-- YOUR ASSIGNMENT --
How many lines in the data hold the string "Shirt"? State the number alone.

-- ENTRIES SUPPLIED --

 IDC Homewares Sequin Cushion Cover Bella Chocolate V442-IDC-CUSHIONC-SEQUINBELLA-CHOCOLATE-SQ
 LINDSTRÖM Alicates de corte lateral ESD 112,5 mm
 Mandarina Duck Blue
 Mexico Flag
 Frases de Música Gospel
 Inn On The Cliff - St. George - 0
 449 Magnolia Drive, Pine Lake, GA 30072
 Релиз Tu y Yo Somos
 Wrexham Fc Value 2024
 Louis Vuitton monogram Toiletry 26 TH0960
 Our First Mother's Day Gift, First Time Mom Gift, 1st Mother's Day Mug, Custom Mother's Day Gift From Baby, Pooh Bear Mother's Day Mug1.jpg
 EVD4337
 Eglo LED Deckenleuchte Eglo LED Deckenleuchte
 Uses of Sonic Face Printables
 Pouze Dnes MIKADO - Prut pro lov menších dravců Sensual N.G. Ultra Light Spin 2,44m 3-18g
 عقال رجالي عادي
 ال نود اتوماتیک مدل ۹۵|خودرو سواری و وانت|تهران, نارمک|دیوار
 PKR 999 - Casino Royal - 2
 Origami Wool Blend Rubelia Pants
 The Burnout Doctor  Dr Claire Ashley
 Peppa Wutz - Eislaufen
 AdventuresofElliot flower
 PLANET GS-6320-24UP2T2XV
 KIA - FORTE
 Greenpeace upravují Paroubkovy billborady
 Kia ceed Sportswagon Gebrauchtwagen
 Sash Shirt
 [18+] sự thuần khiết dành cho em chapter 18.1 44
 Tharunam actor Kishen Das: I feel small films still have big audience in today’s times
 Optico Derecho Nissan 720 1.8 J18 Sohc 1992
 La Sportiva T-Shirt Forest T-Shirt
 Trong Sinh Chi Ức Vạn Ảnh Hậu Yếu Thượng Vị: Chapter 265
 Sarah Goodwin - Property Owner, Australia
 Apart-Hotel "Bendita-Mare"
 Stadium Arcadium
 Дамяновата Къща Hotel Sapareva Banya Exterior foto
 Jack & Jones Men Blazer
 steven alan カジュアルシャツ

-- REPLY --
2